◆ Problem:
When you reach the line with "Spooky Halloween Cat Pumpkin Party 招待状 (正面)", transcribe it and each line after it through the last one below, exactly. Pictures stay out.

◆ Dataset extract:
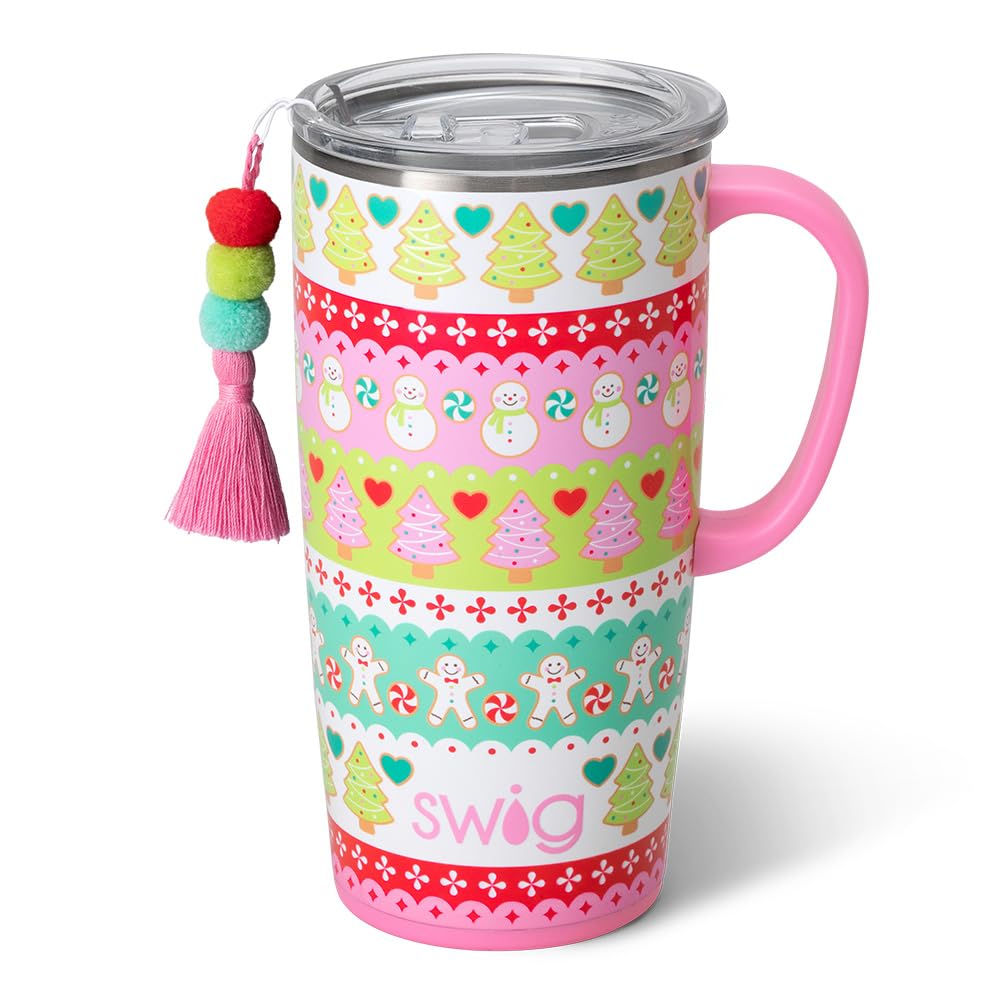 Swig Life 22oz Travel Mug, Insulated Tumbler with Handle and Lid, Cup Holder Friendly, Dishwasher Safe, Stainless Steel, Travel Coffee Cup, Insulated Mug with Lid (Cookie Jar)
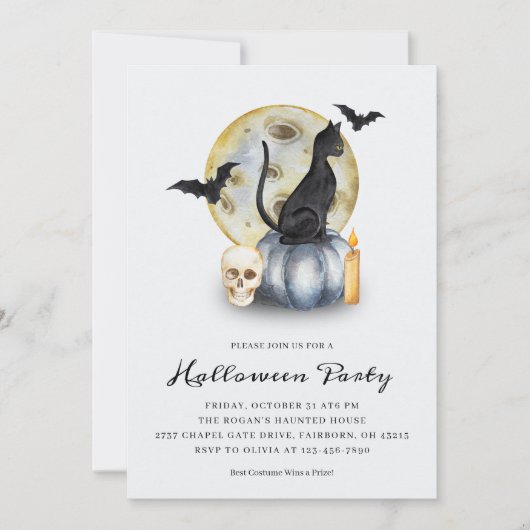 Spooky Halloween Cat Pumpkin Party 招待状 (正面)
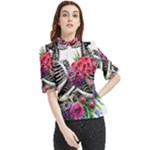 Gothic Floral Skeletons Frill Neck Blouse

◆ Answer section:
 Spooky Halloween Cat Pumpkin Party 招待状 (正面)
 Gothic Floral Skeletons Frill Neck Blouse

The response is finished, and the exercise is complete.